In formal terms, the imperfect is more akin the present in that a periphrastic/analytical construction (that is, a copula and a non-tensed (converb) form of the verb is used. But semantically, both the imperfect and the aorist refer to events that happened in the past. The difference between the two may be seen as aspectual — whether the event happened repeatedly/habitually or just once — yet many scholars prefer to treat those as different tenses.

A very different way of achieving a rich system of past tenses is by drawing remoteness distinctions, that is, tense choices dependent on the temporal distance between the time of speech and the event time. Remoteness may be more subjectively or more objectively determined; in the latter case, a combination of a “remote” time adverbial with a “non-remote” tense will result in ungrammaticality. According to the WALS,

“almost universally, if there is one well-defined cut-off point in the past between different forms, the division lies between ‘today’ and ‘before today’. The ‘before today’ range is often divided further. The term hodiernal is commonly used for ‘today’s past’, and tenses that are restricted to the day before the point of speech may be called hesternal.”
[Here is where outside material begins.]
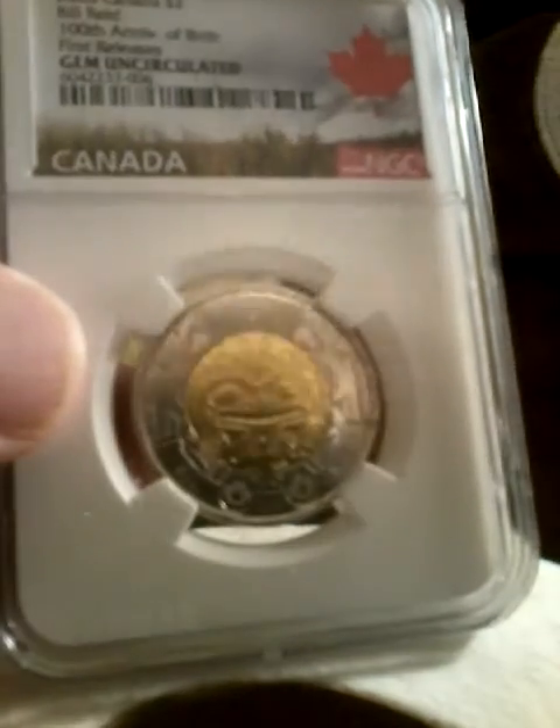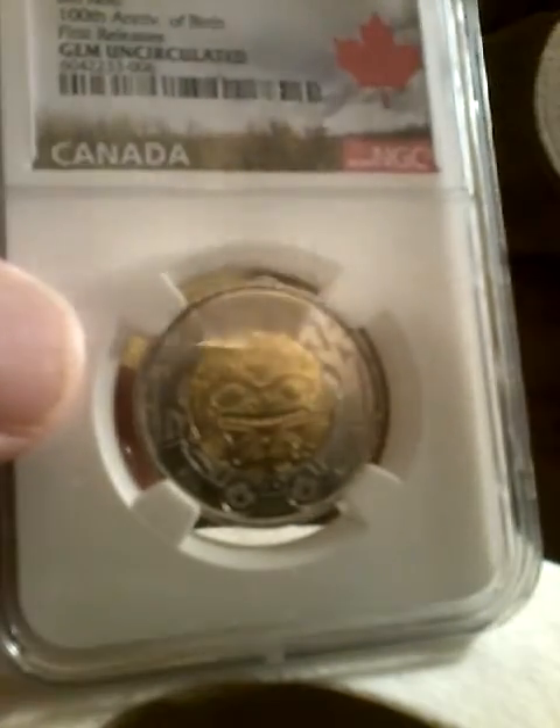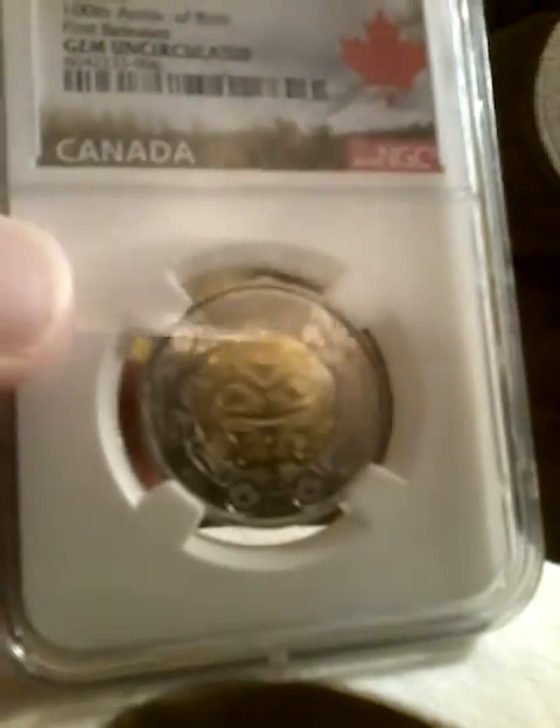Next we have a 2020 Canadian $2 coin, 100th anniversary of the birth of Bill Reid. This is the uncolored version — there's a colored version I still have to get.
Languages that have a past/non-past tense system with a two- or three-way remoteness distinction include Bantu languages of Africa, such as Zulu, Sesotho, Kikuyu and Luganda; Eurasian languages like Udmurt (Finno-Ugric), Balochi (Indo-Iranian), Uyghur (Turkic) and Buriat (Mongolic); Papuan languages like Kewa and Alamblak; as well as many native American languages including Inuktitut, Cheyenne and Hixkaryana.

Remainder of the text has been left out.